Canada, des phoques tués par le virus H5N1 : une étude inquiète les scientifiques

Canada, des phoques tués par le virus H5N1 : une étude inquiète les scientifiques

« Une mortalité inhabituelle » chez les phoques gris et les phoques communs dans le plus grand estuaire du monde, le fleuve Saint-Laurent au Québec, Canada, a été décrite par des chercheurs américains du CDC dans la revue « Emerging Infectious Diseases ». L'événement remonte à 2022 et les analyses ont montré que pour 15 spécimens soumis à l'autopsie, la cause du décès était une infection par le virus aviaire hautement pathogène H5N1 (Hpai H5N1), celui qui inquiète le monde en raison de l'épidémie qui des bovins laitiers ont été touchés dans plusieurs États américains. Son ARN a également été détecté dans 6 carcasses de phoques écouvillonnées. Le virus a été isolé avec succès dans 16 cas sur 21 au total, et dans 11 de ces 16 signes de réassortiment génétique entre les lignées eurasiennes et nord-américaines ont été mis en évidence.

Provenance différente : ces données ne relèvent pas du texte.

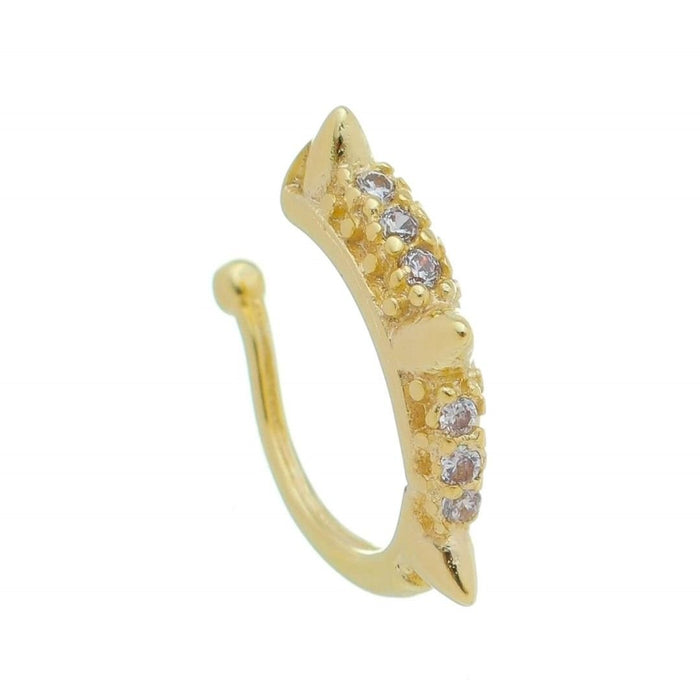 Piercing de Pressão Holly Spike Zircônia Folheado a Ouro 18k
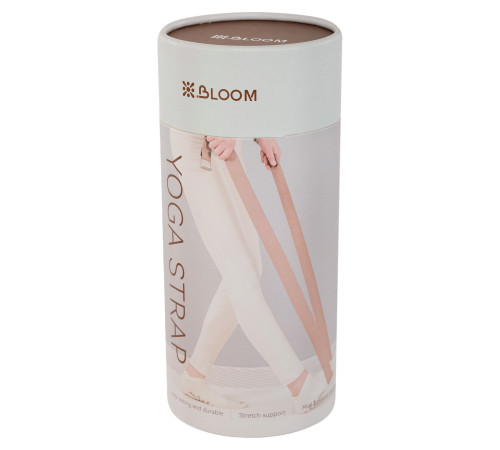 Ремінь для йоги з металевою пряжкою BLOOM YOGA STRAP 183x3,8см коричневий
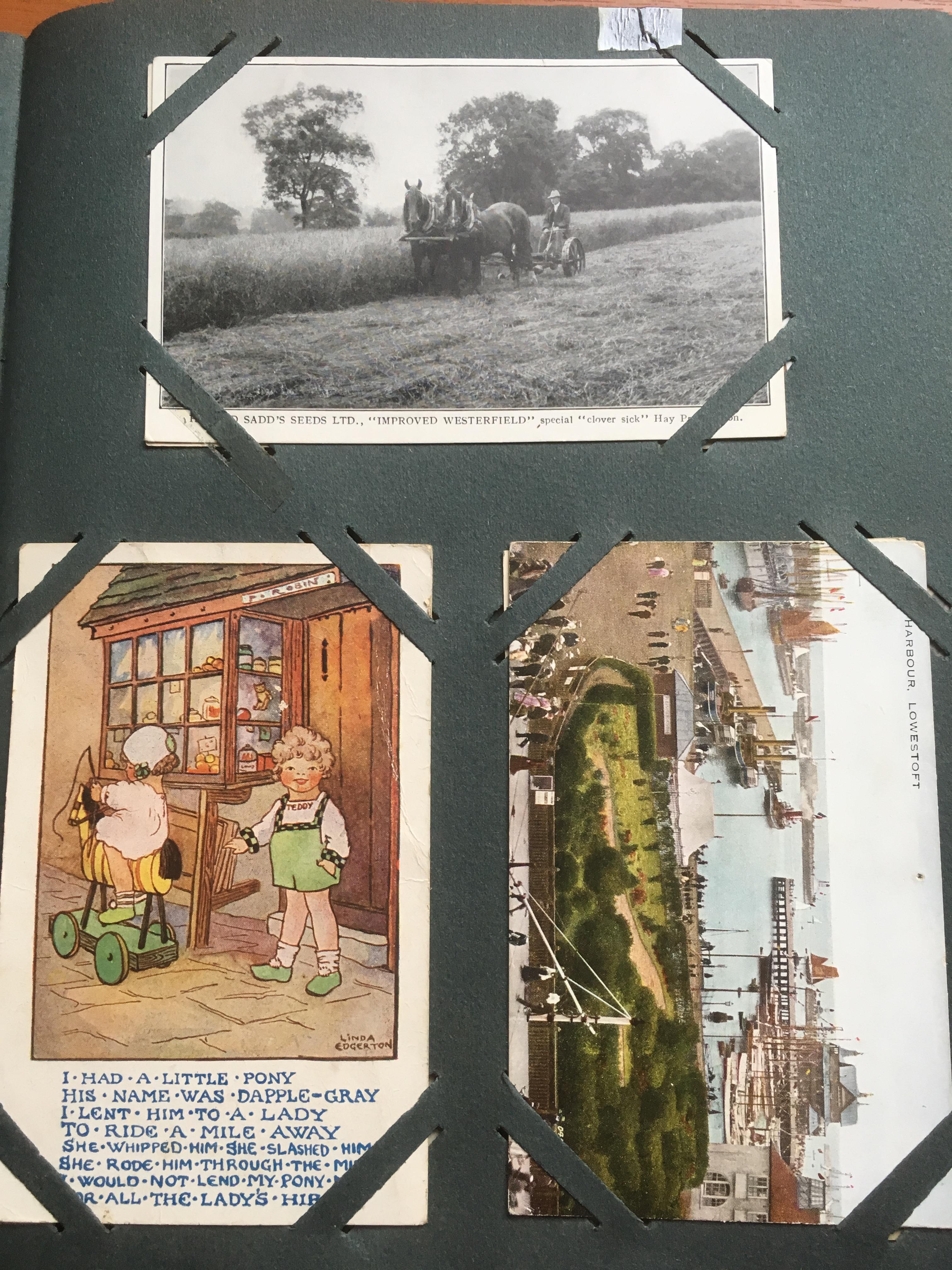 CORNER SLOT ALBUM OF MIXED SUBJECTS POSTCARDS, COMIC, ARQ, RURAL, ADVERTISING, VALENTINES, WW1, - Image 3 of 8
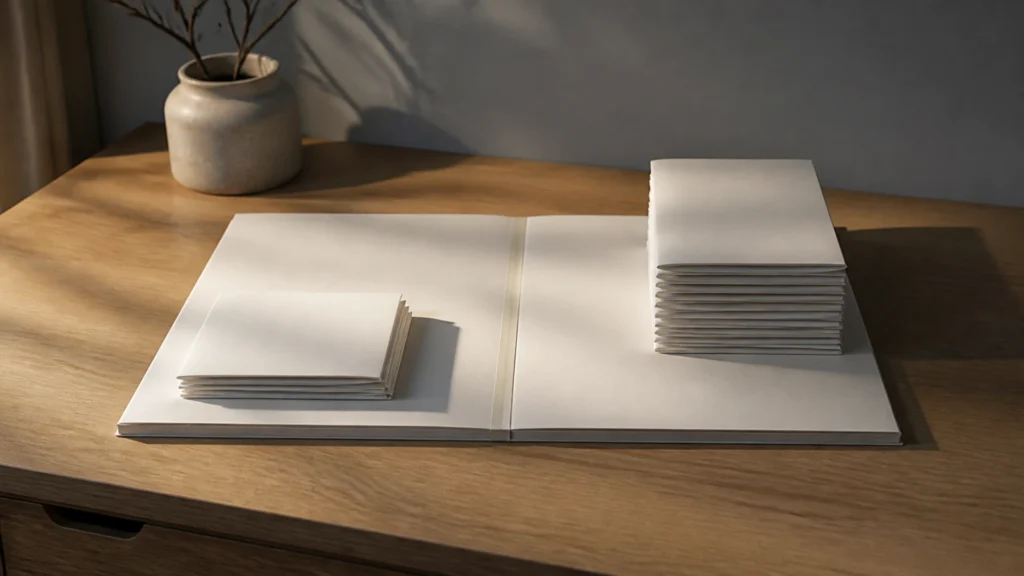 Grand bloc de papier ouvert à plat sur un bureau en bois, traversé en son milieu par une bande claire, avec une pile courte de feuilles pliées à gauche et une pile beaucoup plus haute à droite.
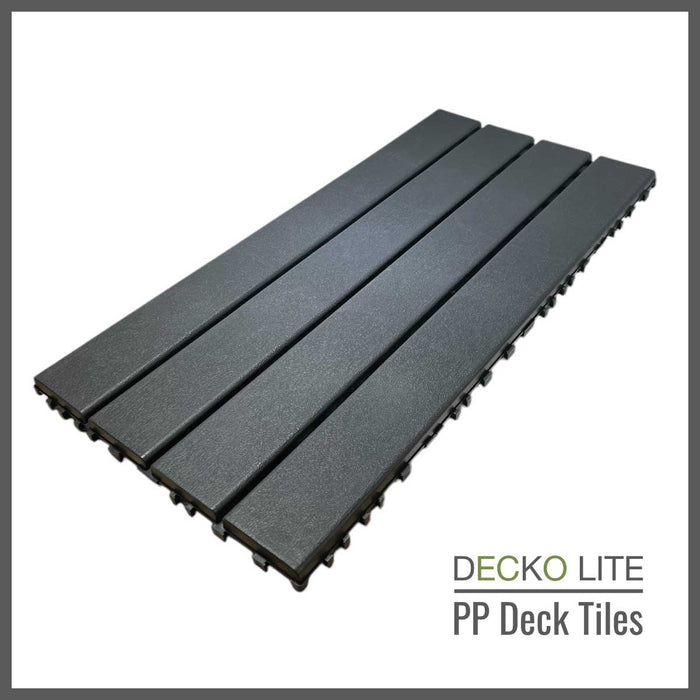 DECKO Lite PP Deck Tiles - <b>GREYSLAT</b> - 608x304mm - Premium, 100% Recycled Polypropylene (Price/Tile)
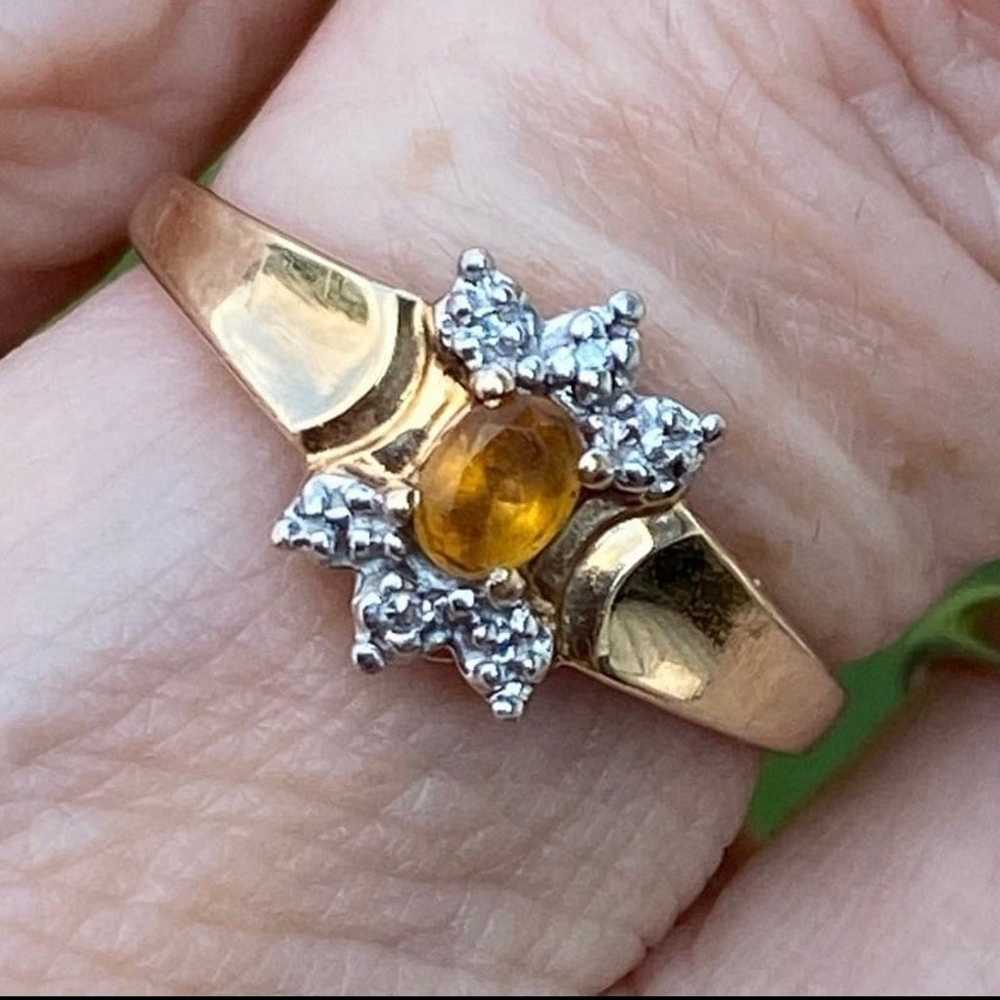 Genuine Yellow Topaz with Diamond accent ring 10k… - image 5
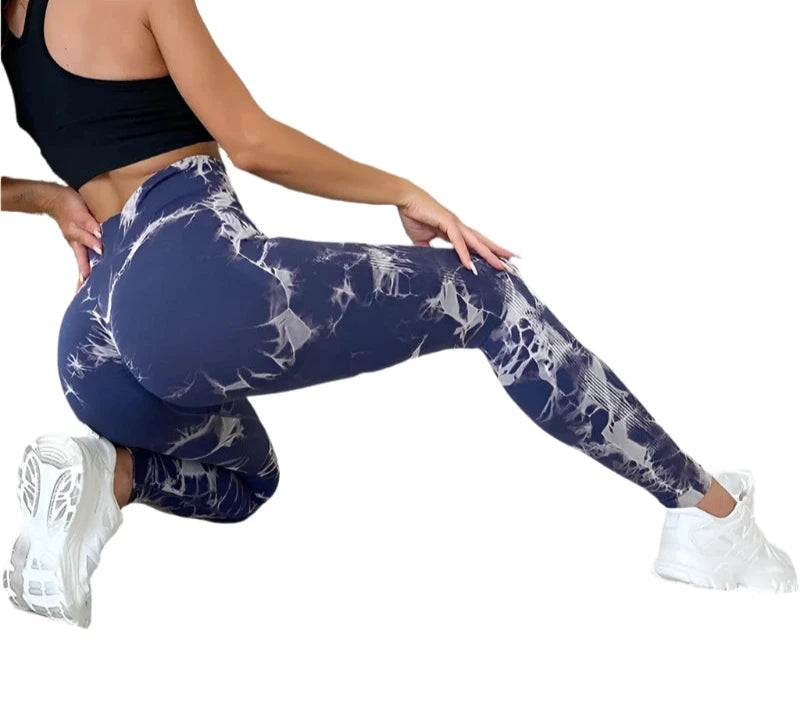 47-Color Tie-Dye Marbled Yoga Pants – High-Waist Seamless Fitness Leggings for Women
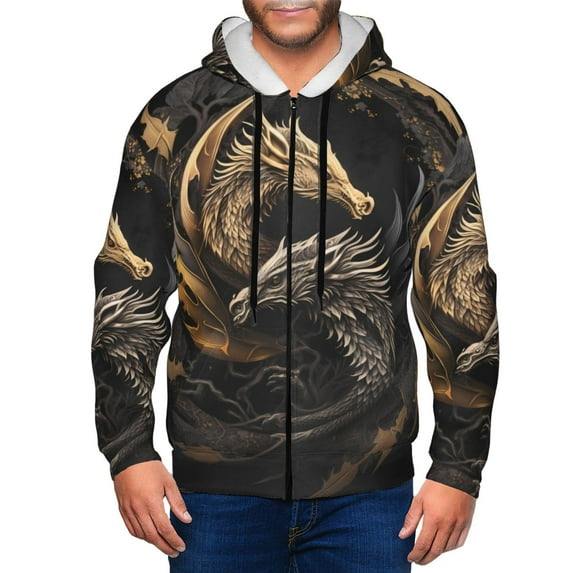 Vsdgher Vintage Metal Dragon Mens Hoodies Zip Hoodie, Hoodies for Men, Zip-up Hooded Sweatshirt-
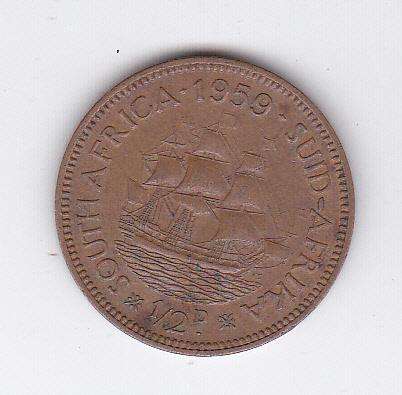SOUTH AFRICA HALF PENNY 1959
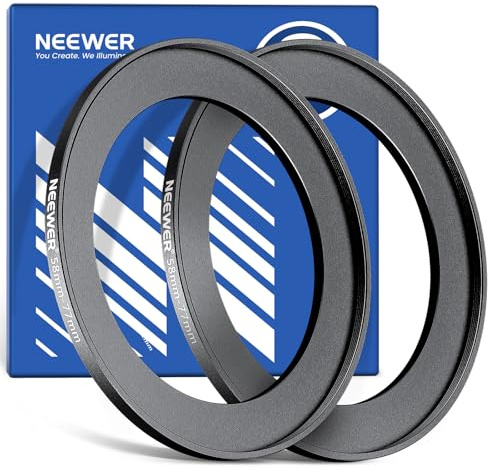 NEEWER 58-77mm Anello Adattatore Step Up (2pz) + Panno da Pulizia, Adattatore ad Anello per Filtro Obiettivo Ultra Sottile in Lega di Alluminio per Lente Fotocamera da 58mm per Usare il Filtro da 77mm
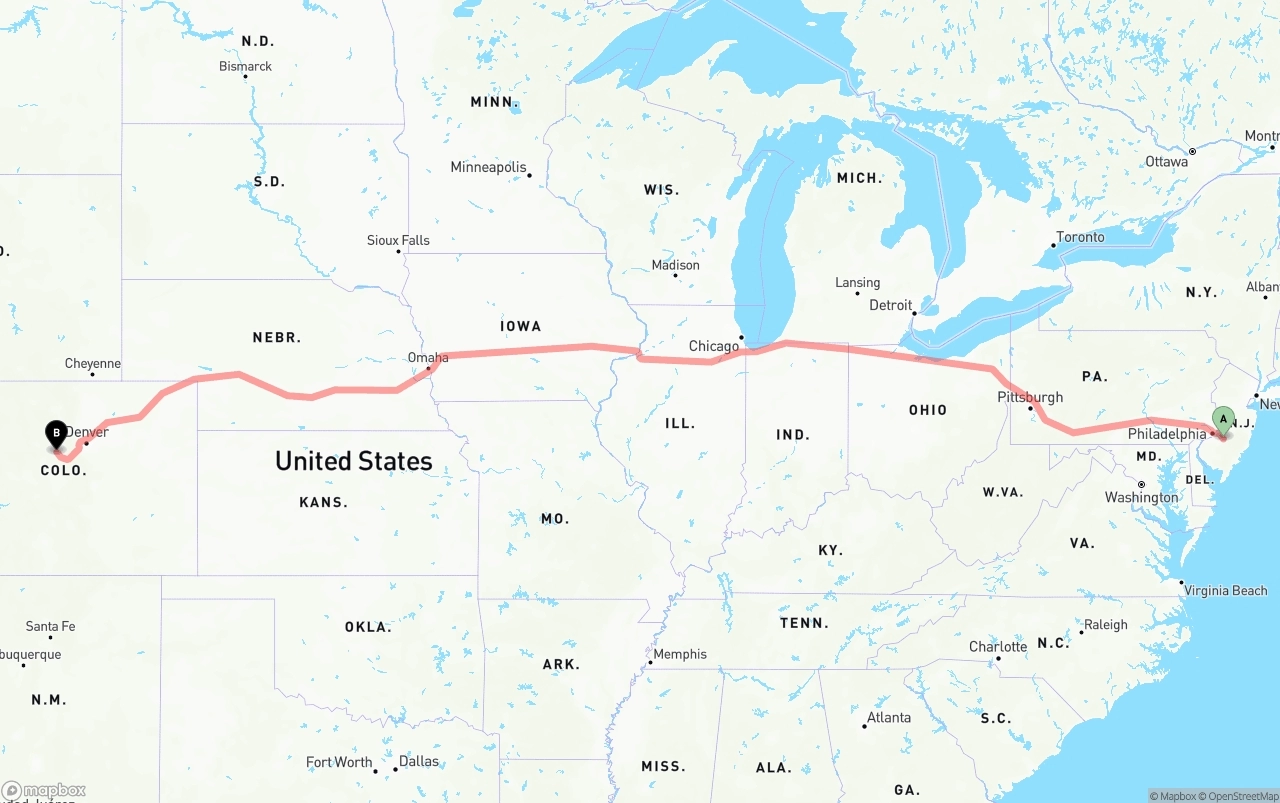 Shipping route from New Jersey to Colorado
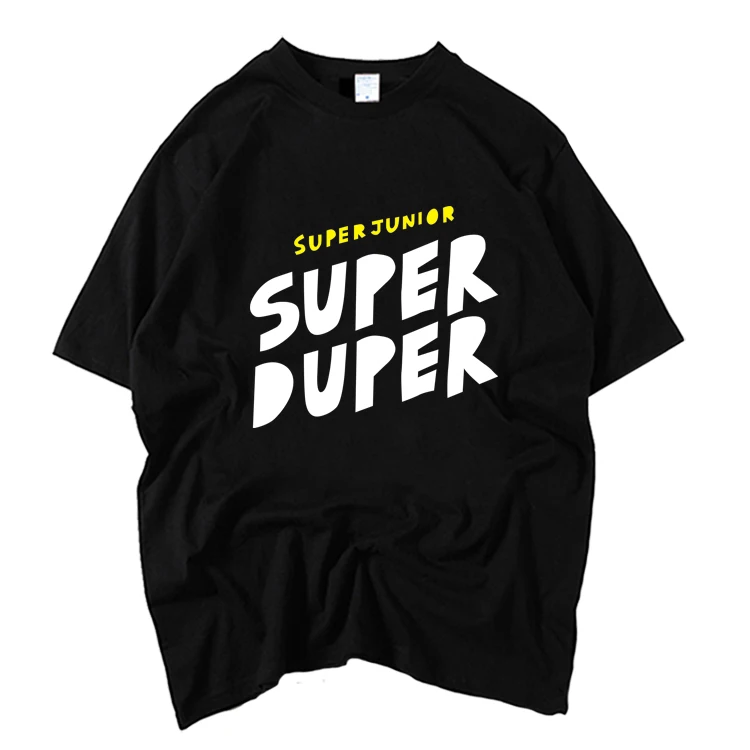KPOP Super Junior новый альбом супер пупер же печать Круглая горловина с коротким рукавом футболка летние унисекс футболка 7 видов цветов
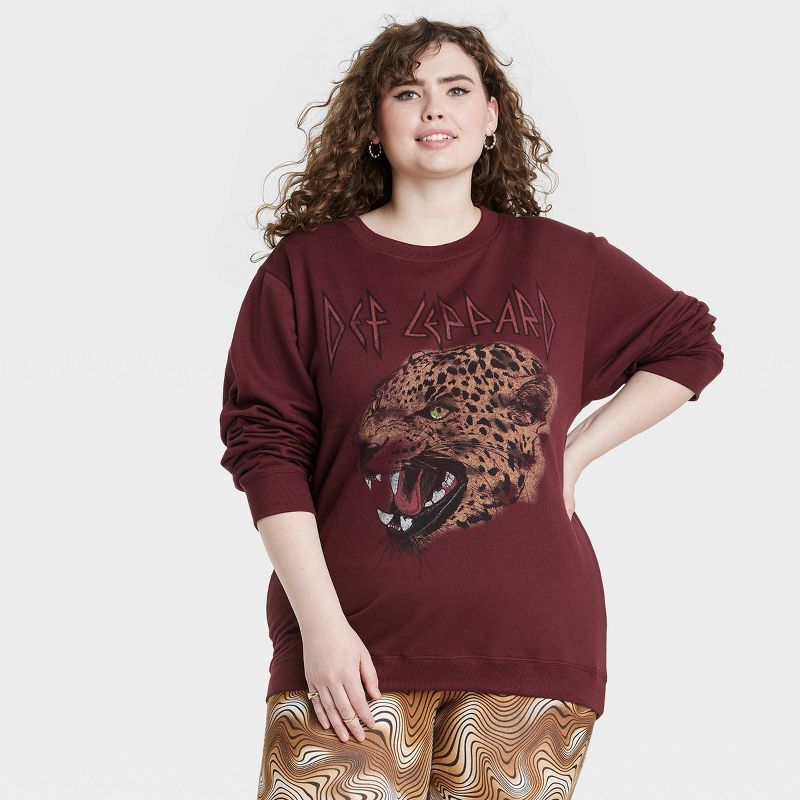 Women&#39;s Def Leppard Plus Size Graphic Sweatshirt - Maroon 1X | Target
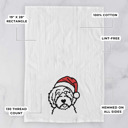 Aussiedoodle Doodled Santa Hat Dog  Breed Tea Towel - 50+ Breeds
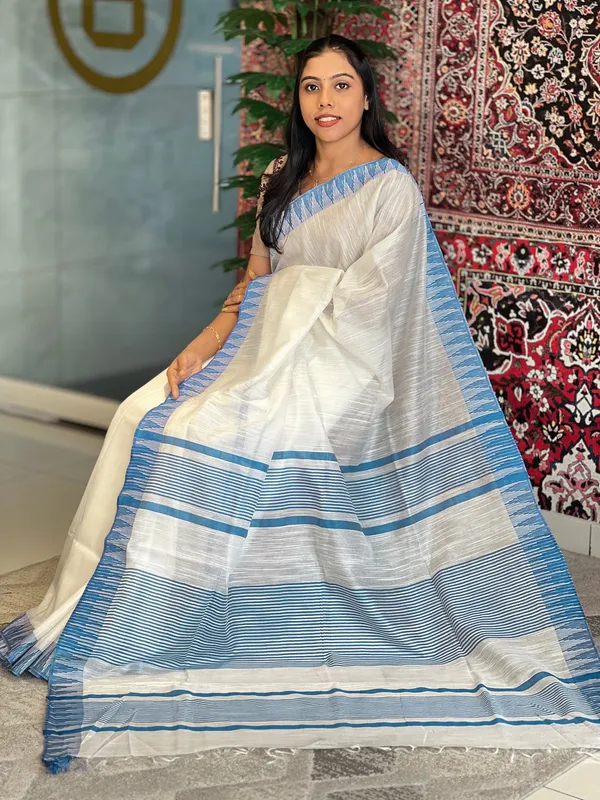 Cyan_women's_Bhagalpuri_Kota_Viscous_Temple_Border_White_Saree_And_Variable_Color_Border_With_Blouse_Piece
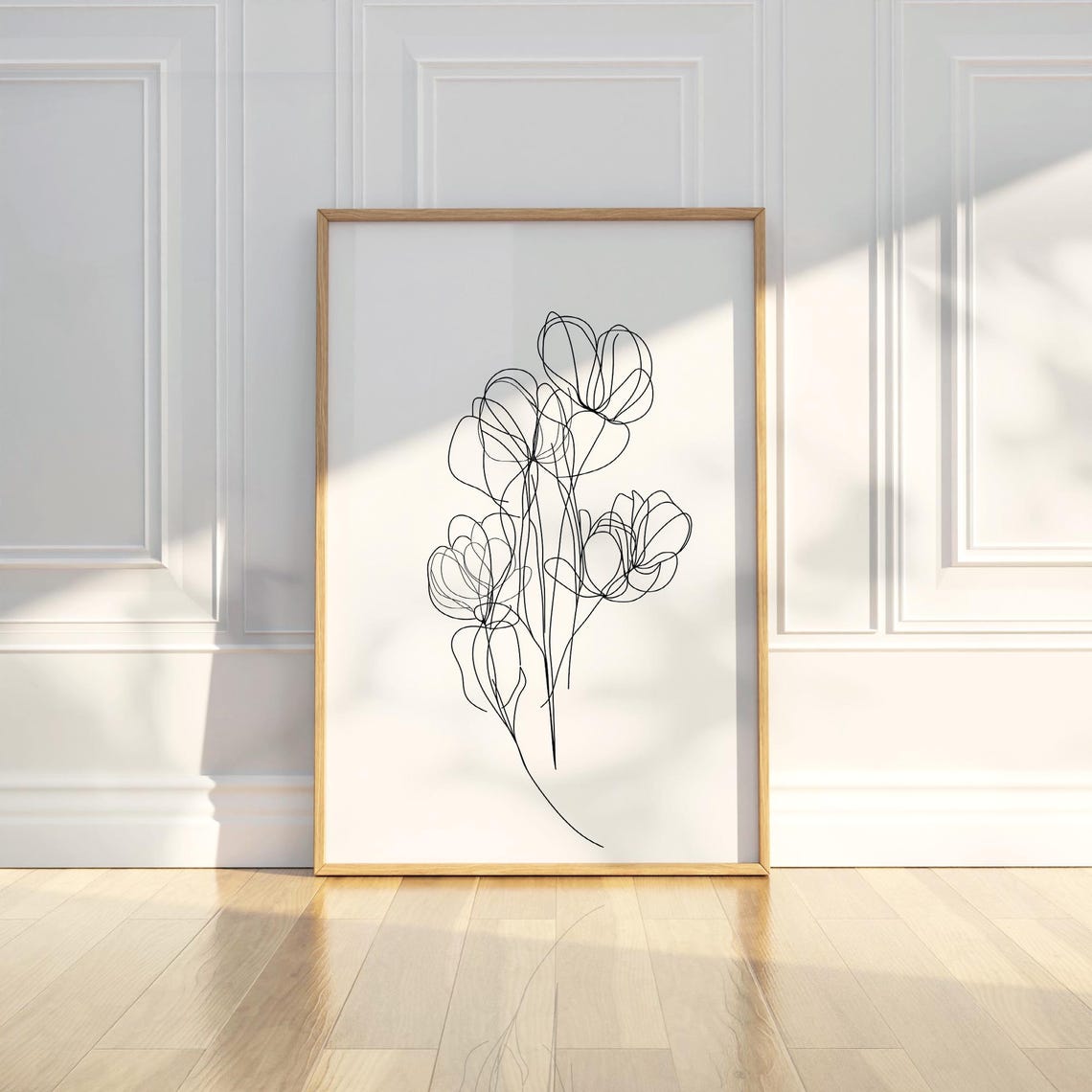 Minimalist Wildflower Line Art Botanical Bloom Sketch Poster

« L'infection d'espèces de mammifères comme les phoques par le virus Hpai H5N1 suscite des inquiétudes quant aux mutations récentes qui permettent au virus 'aviaire' de pénétrer et de se répliquer dans les cellules des mammifères », préviennent les auteurs de l'étude. « Du point de vue de la santé humaine – soulignent-ils – ces changements dans la gamme » des « hôtes viraux possibles » justifient une vigilance continue pour identifier une épidémie potentiellement mortelle avant son apparition. Les mammifères marins, comme les phoques ou autres pinnipèdes – est la peur des scientifiques – pourraient servir de réservoirs à ce virus », une éventualité qui « pourrait contribuer à augmenter le risque de mutations et de réassortiment viral, favorisant l'infection de nouveaux hôtes mammifères » jusqu'à atteindre l'homme de manière plus permanente.

« Par conséquent – concluent les chercheurs – il est essentiel de surveiller la présence et les caractéristiques moléculaires du virus Hpai H5N1 dans les populations de mammifères marins sauvages », ainsi que d'évaluer le « risque pour la santé publique associé à cette dynamique émergente pathogène-hôte ».